Raw data ::
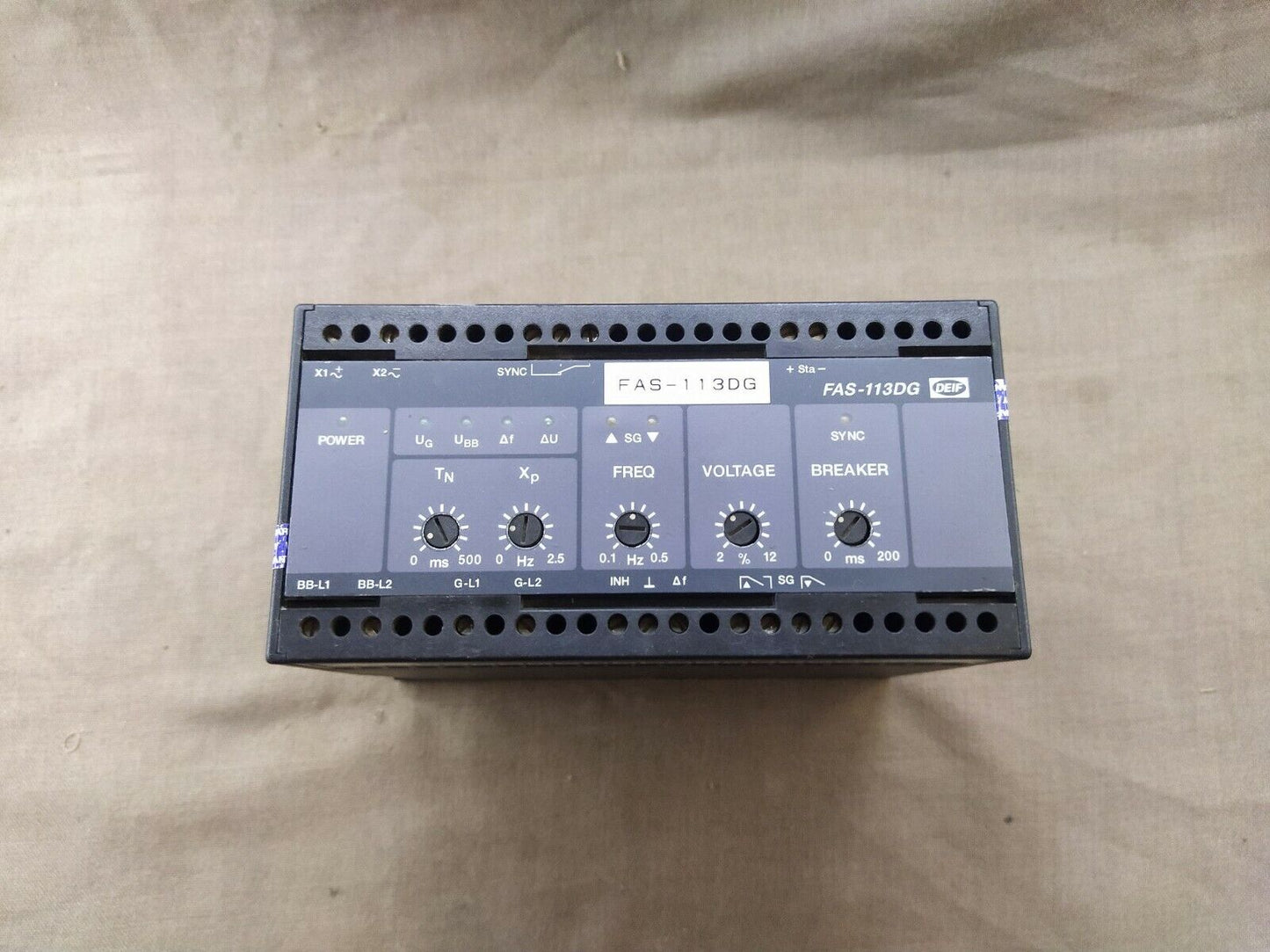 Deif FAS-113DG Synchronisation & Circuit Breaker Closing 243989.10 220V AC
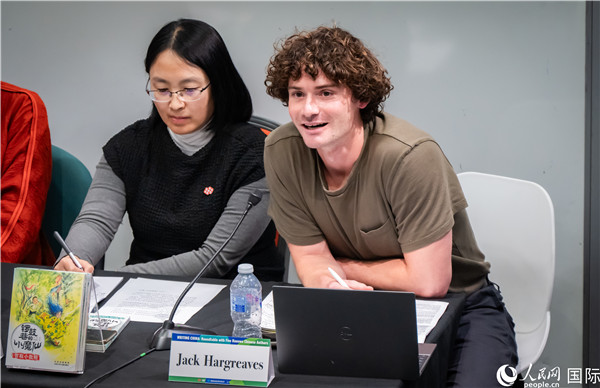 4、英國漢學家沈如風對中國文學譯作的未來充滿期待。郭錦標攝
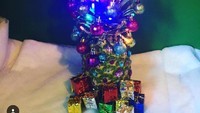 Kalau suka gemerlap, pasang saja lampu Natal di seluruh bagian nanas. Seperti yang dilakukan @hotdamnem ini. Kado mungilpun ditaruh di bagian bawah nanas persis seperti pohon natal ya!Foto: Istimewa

What needs to be done ::
Write out the whole listing exactly as it appears, and omit the pictures.

Expected output ::
 Deif FAS-113DG Synchronisation & Circuit Breaker Closing 243989.10 220V AC
 4、英國漢學家沈如風對中國文學譯作的未來充滿期待。郭錦標攝
 Kalau suka gemerlap, pasang saja lampu Natal di seluruh bagian nanas. Seperti yang dilakukan @hotdamnem ini. Kado mungilpun ditaruh di bagian bawah nanas persis seperti pohon natal ya!Foto: Istimewa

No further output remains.